Work request: Your copy should begin at the line containing "2007 Saturn Sky" and end at the last line of the records; transcribe those lines exactly and leave out every picture.

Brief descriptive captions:
+++
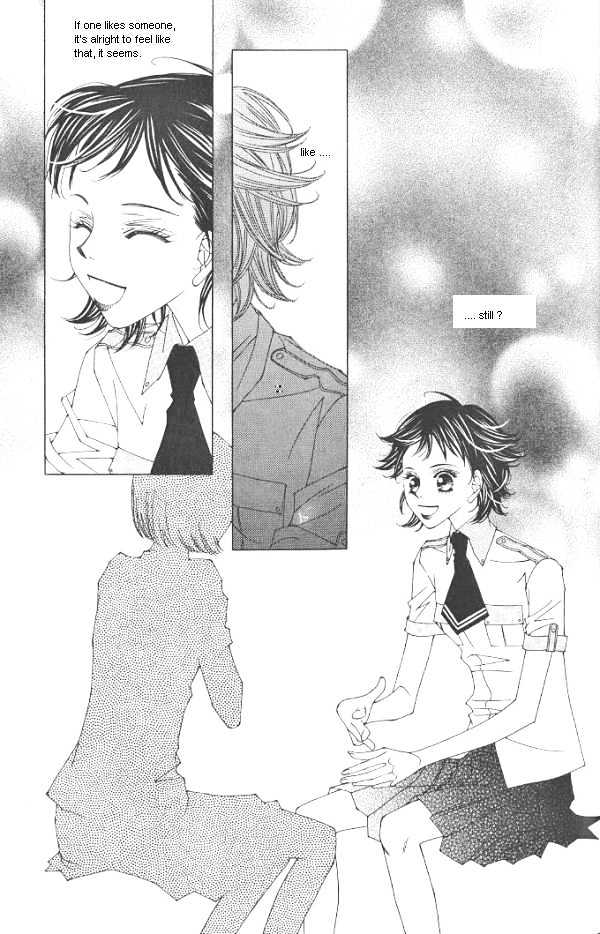 EXCEL Vol.02 Chapter 5 page 4 - Vol.02 Chapter 5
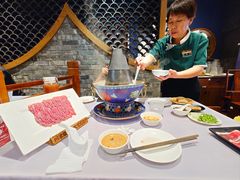 -东来顺饭庄(apm总店)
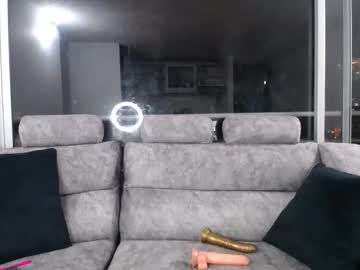 Luna_Corrs_ August 21, 2025 Chaturbate stream image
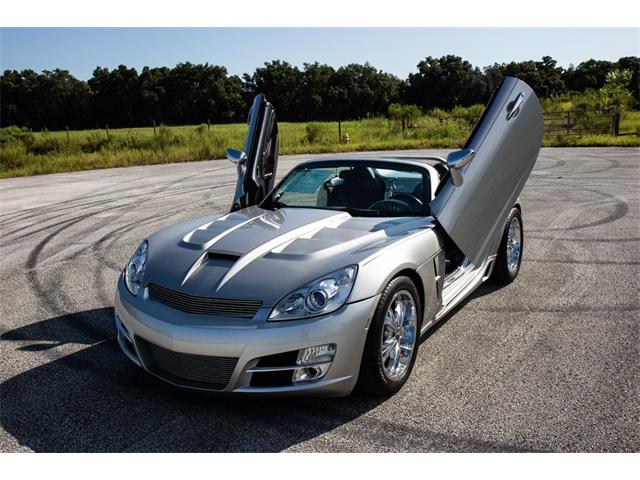 2007 Saturn Sky (CC-1794972) for sale in Ocala, Florida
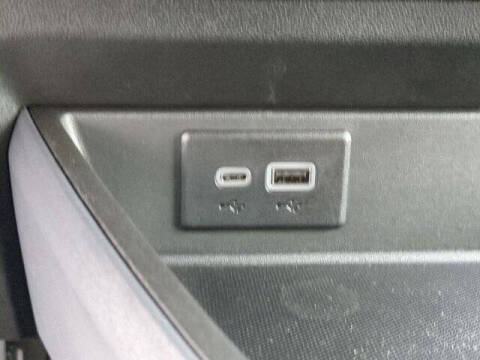 2025 Chevrolet BrightDrop 600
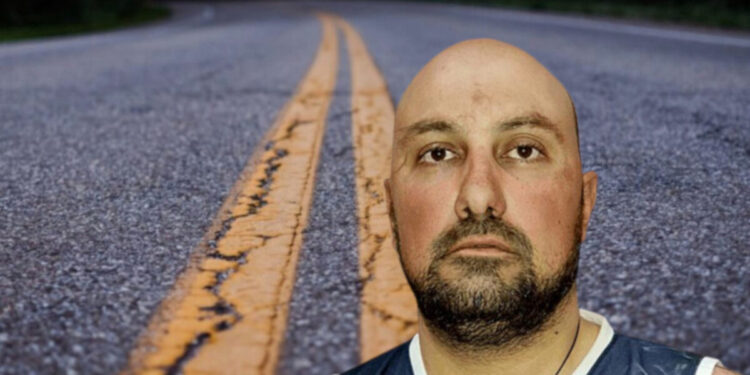 Χανιά: Νεκρός σε τροχαίο στα Χανιά ο αθλητής ΑμεΑ του μπάσκετ με αμαξίδιο Κανάκης Κωνσταντάκης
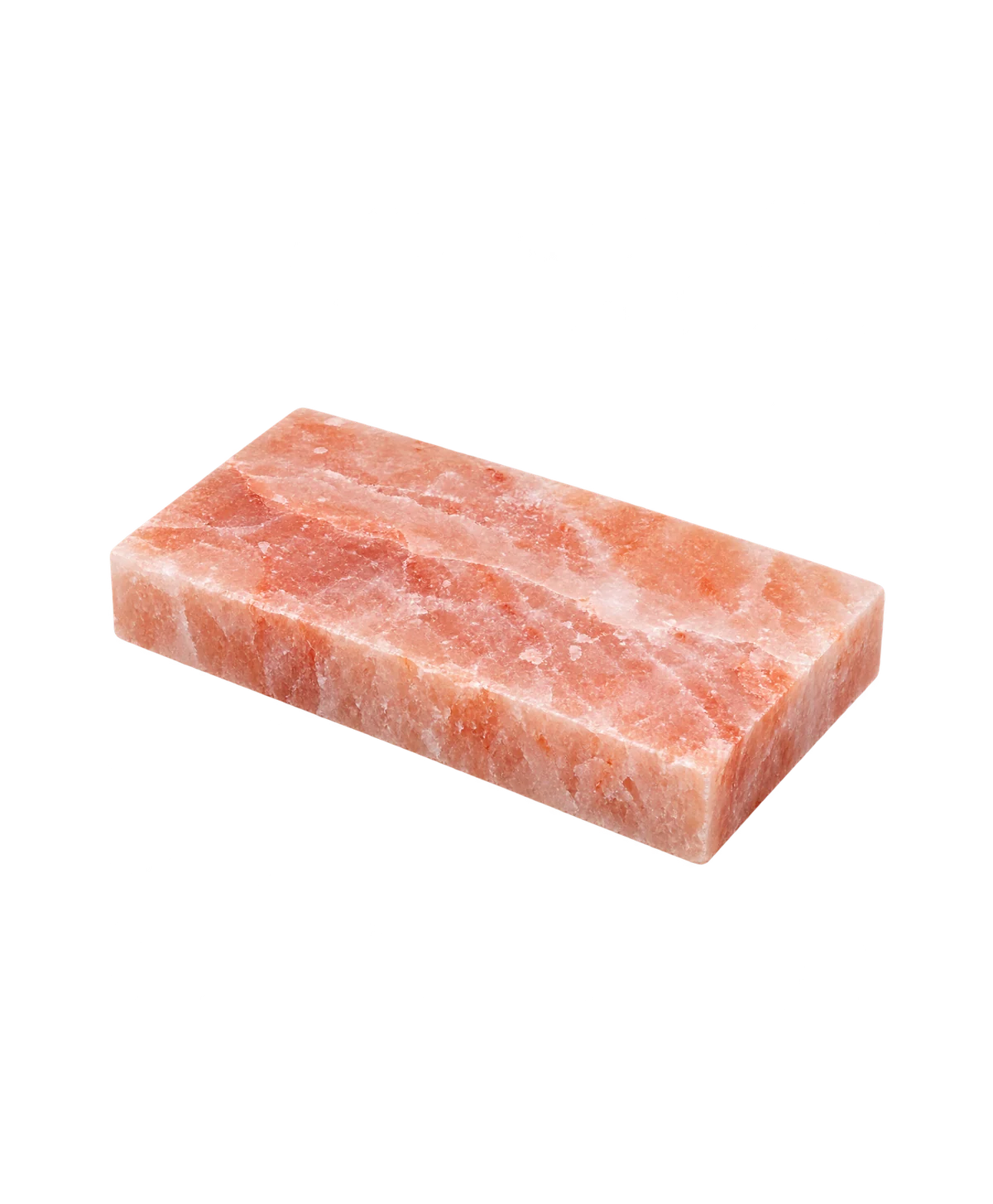 Salt tile 2 x 4 x 8 proportion illustration Salt tile 2 x 4 x 8, illustrative proportions with first figure shown as thickness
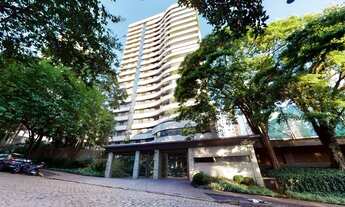 Imagem 1: Porto Alegre - Apartamento Padrão - Petrópolis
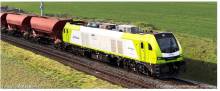 Sudexpress S0039820 - Captrain France E4001 3982 DCC Sound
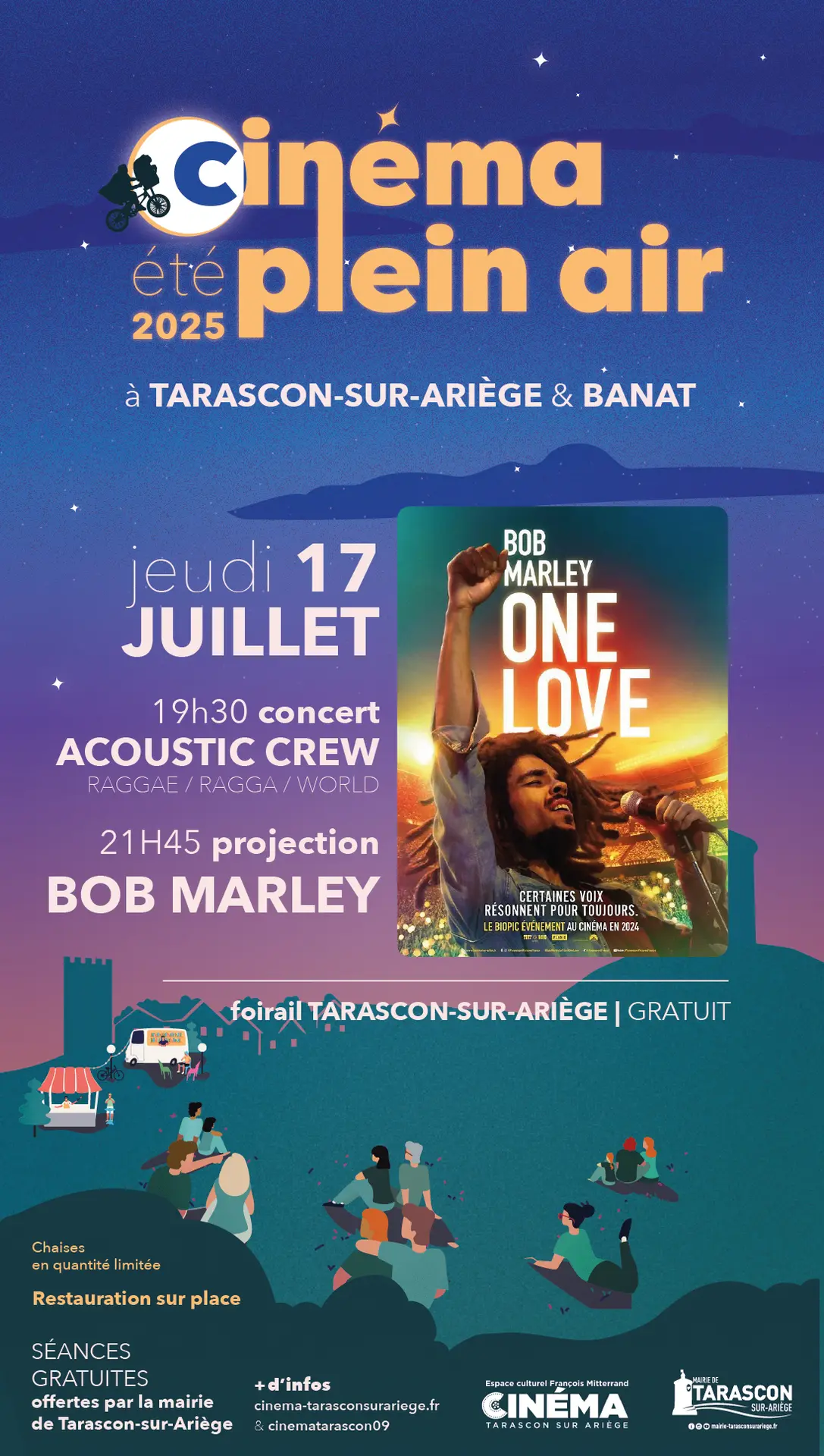 Affiche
+++
Exercise solution:
 2007 Saturn Sky (CC-1794972) for sale in Ocala, Florida
 2025 Chevrolet BrightDrop 600
 Χανιά: Νεκρός σε τροχαίο στα Χανιά ο αθλητής ΑμεΑ του μπάσκετ με αμαξίδιο Κανάκης Κωνσταντάκης
 Salt tile 2 x 4 x 8 proportion illustration Salt tile 2 x 4 x 8, illustrative proportions with first figure shown as thickness
 Imagem 1: Porto Alegre - Apartamento Padrão - Petrópolis
 Sudexpress S0039820 - Captrain France E4001 3982 DCC Sound
 Affiche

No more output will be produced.